Circuits designed for a particular DC voltage are very unlikely to work correctly with AC, even at the same voltage. There is a very good chance the circuit will be damaged by the negative half-cycles of the AC power.
There are some exceptions to this, but they aren't really "circuits". A incandescent lightbulb works fine with AC or DC, and so does a resistive heater. Beyond that, you're heading for trouble.
Some devices that require DC power may have protection built in so that they at least don't fry with AC provided or the DC power is hooked up backwards. This is usually in the form of a "idiot diode" in series with the positive DC power lead. It simply blocks anything negative so that it can't cause harm. Another approach is a fuse followed by a clamp. If the input voltage is backwards or too high, it shorts the power leads together and blows the fuse.
Cheap consumer devices that come with their own power supply are less likely to have protection. They also then come with a warning in the instructions to use only the provided power supply. If you hook up something on you're own, they are off the hook. That's a perfectly legitimate thing for a manufacturer to do when the final sell price needs to be as low as possible.

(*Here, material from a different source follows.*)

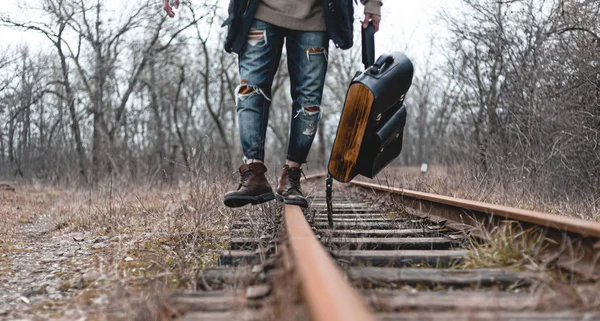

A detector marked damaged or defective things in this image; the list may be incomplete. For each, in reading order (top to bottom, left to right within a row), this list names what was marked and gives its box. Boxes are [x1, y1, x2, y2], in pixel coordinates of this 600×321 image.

rusty steel rail [284, 204, 376, 320]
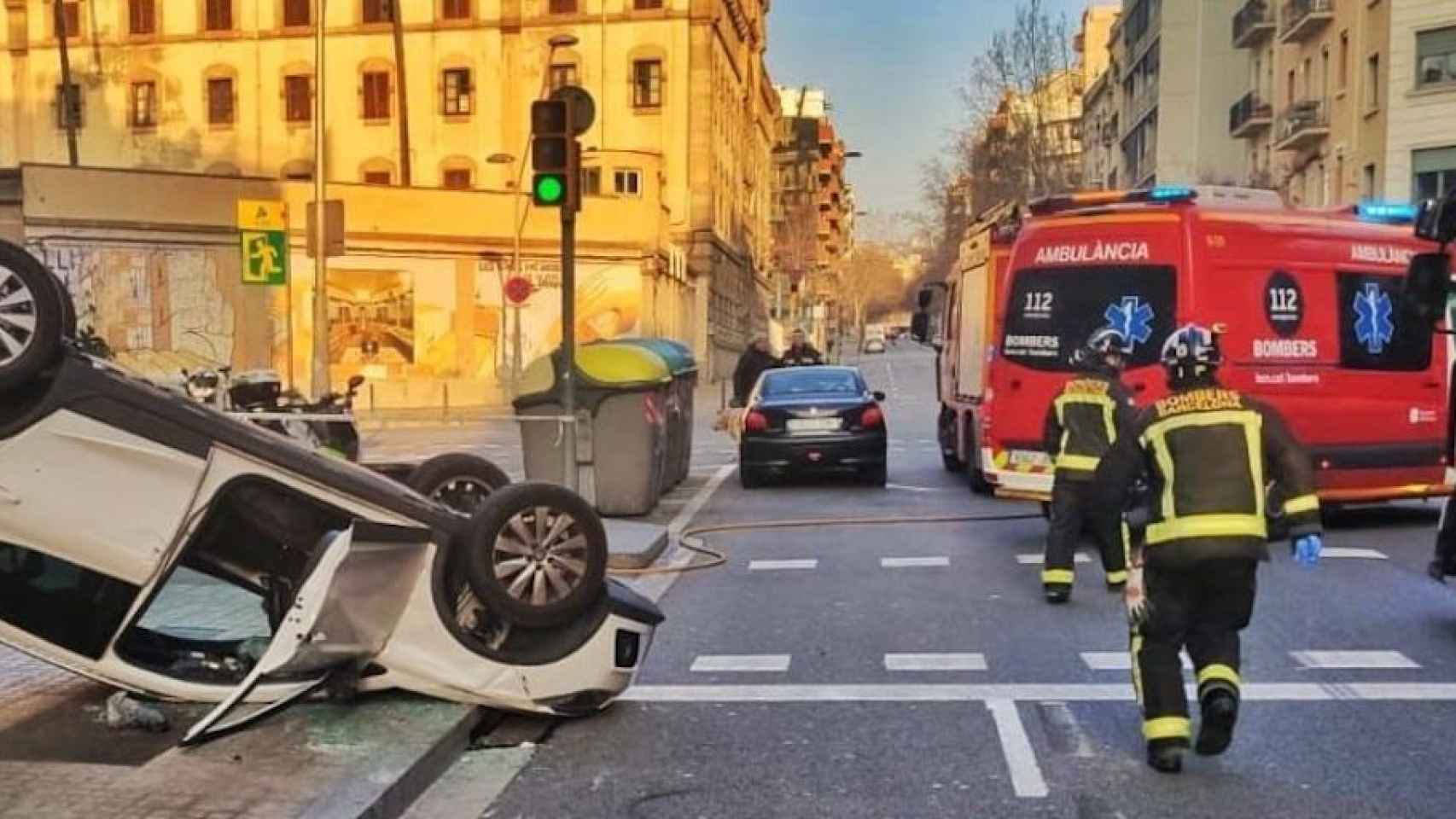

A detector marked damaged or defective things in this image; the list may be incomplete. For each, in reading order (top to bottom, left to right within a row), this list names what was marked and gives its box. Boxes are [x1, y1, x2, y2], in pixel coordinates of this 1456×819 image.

overturned white car [0, 241, 659, 744]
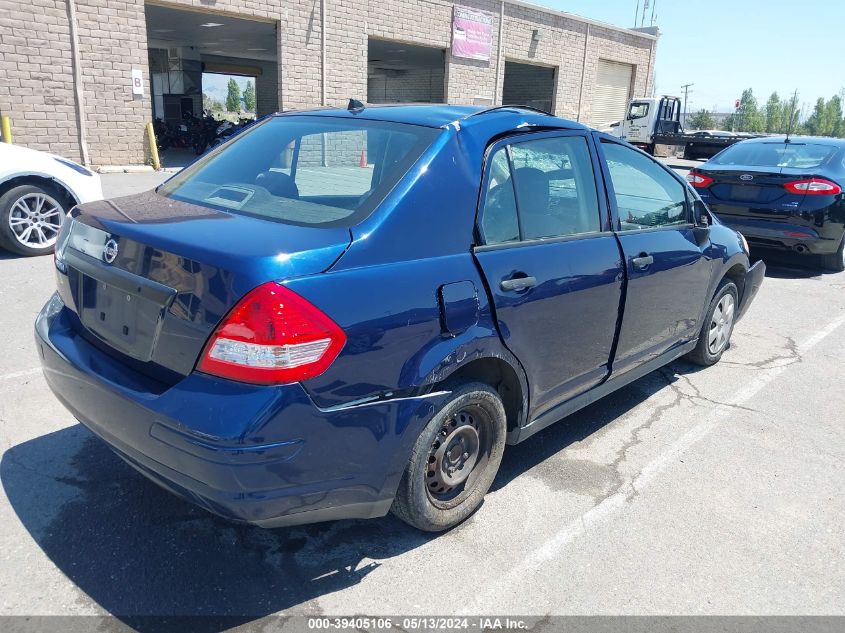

I meant to say this earlier, but had to quit and do something else. AC of the same voltage as DC will not only have large negative voltages, but also positive voltages greater than the DC level for part of the cycle. If the AC is a sine wave, the peaks will be at ± the square root of 2 times the RMS voltage. For example, "12 VAC" sine power will go as high as +17 V and as low as -17 V at the positive and negative peaks of the cycle.